Dangerous by Shannon Hale is an uncharacteristic foray into science fiction by one of my favorite fantasy authors.

Maisie Danger Brown dreams of going to space camp, but she knows her parents could never afford it. When she wins a contest she read about on the back of a cereal box, she is ecstatic -- she'll get to study advanced physics and quantum mechanics, and learn about space from the creators of the Beanstalk, the world's first and only space elevator. At space camp, she's grouped with three other campers into a "fireteam" who complete challenges together. It's a camper outside her fireteam who most intrigues her, though: Jonathan Wilder, a rich young playboy who becomes Maisie's space camp romance. When Maisie's fireteam wins all of their challenges, they are taken on a special trip to see the base of the Beanstalk. Jonathan, as best performing individual camper, is also invited. And it's at the Beanstalk where things start to go in directions Maisie could never have anticipated. Bonnie Howell, the Beanstalk's eccentric creator, allows the campers into the space elevator and then takes them on a joyride up into space, where she allows them to explore the docking station and even handle some mysterious, possibly alien technology mined from an asteroid that traveled into Earth's orbit. When the alien tech reacts unexpectedly with the five teens, they are bound together for a purpose they could never have anticipated: they must save Earth from a coming alien attack.

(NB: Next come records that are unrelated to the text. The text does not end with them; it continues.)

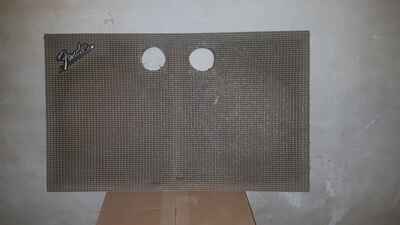 1969 FENDER CABINET BAFFLE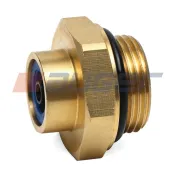 Фитинг (штуцер) прямой; Рнаруж=М22х1,5/ трубка ф8х1,0мм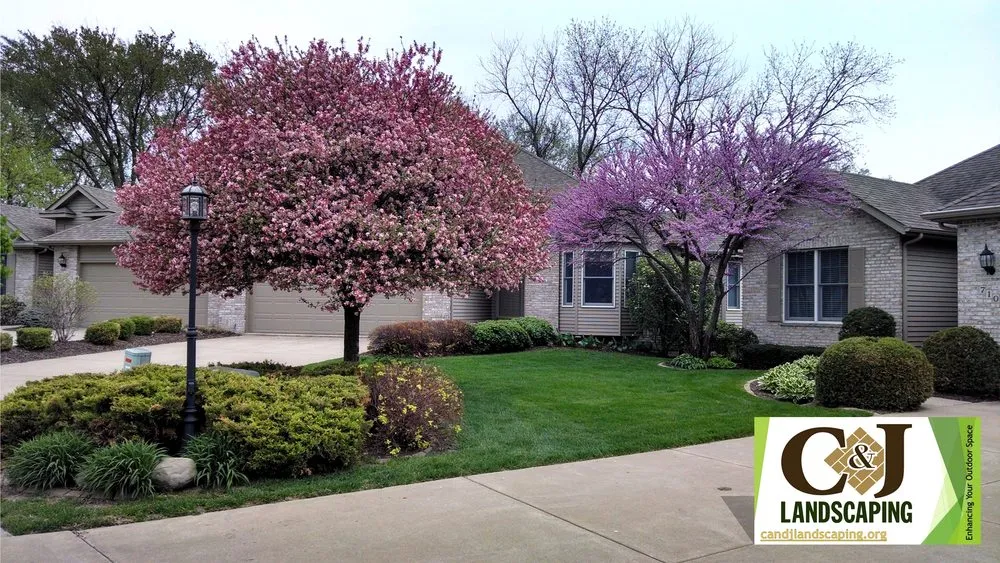 Local landscaping services in Orion, IL by C & J Landscaping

This book has plenty of action and, yes, danger (Maisie's middle name is a source of much hilarity), and even some romance, though nothing readers on the young end of the YA spectrum won't be able to handle. I enjoyed the read, but it fell short on a few points. The characterization of some of the adults really didn't work, for me -- they made some decisions that just didn't make sense. There were a few weak spots in the worldbuilding, too, that could have used a little more clarification. I think young teens going into this book without a lot of expectations will really love it, but more experienced readers, especially those who have read a lot of sci-fi, will find this book lacking in some ways.

(Reviewed from an advance copy, courtesy of the publisher.)

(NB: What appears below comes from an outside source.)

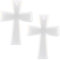 TEHAUX 2 Stück Kreuz-Harzformen Kreuz-Silikonformen Epoxidharz-Kreuzformen Kruzifix-Gießform Für Schlüsselanhänger Diy Basteln Halskette Schmuck Anhänger Herstellung Von
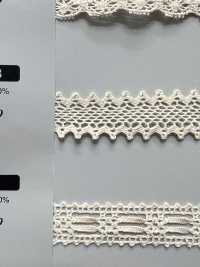 SIC-7318 有機棉扭力蕾絲/ 13mm 新道良質（SIC） 更多照片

The Islands of Chaldea by Diana Wynne Jones and Ursula Jones

The Islands of Chaldea by Diana Wynne Jones is a last, unlooked-for book from one of my favorite authors, completed by her sister Ursula Jones after her death.

Aileen lives with her Aunt Beck, the Wise Woman of Skarr. Some day, Aileen will be a Wise Woman, too, but at the moment she's feeling pretty dubious about that, since she just failed her Initiation. But she must put her self-doubt aside when she and her Aunt Beck are summoned by the king -- and not just the king of Skarr, but the High King over all of the islands of Chaldea. Years ago, the neighboring island kingdom of Logra cast a powerful curse that created a barrier to prevent anyone from traveling from the islands of Chaldea to Logra. Since the Chaldean islands depend on trade with Logra, this has had a dreadful impact on the economy. Worse, the Lograns have the son of the High King as a captive Now a prophecy has come to light, saying that a Wise Woman of Skarr must travel to Logra by way of the other islands, accompanied by a man from each island, and thence enter Logra. Aunt Beck sets little store by this prophecy, but the High King insists, so Beck and Aileen set out, accompanied by Prince Ivar of Skarr and his servant Ogo. Along the way, they are joined by a magical cat, a prophetic parrot, a monk, a lizard, and some of Aileen's distant relatives on her father's side. The journey is arduous, but it will be worth it if they can break the curse. Of course, when they get to Logra, they discover that nothing is as straightforward as it originally seemed, and Aileen will have a more significant role to play than she ever expected.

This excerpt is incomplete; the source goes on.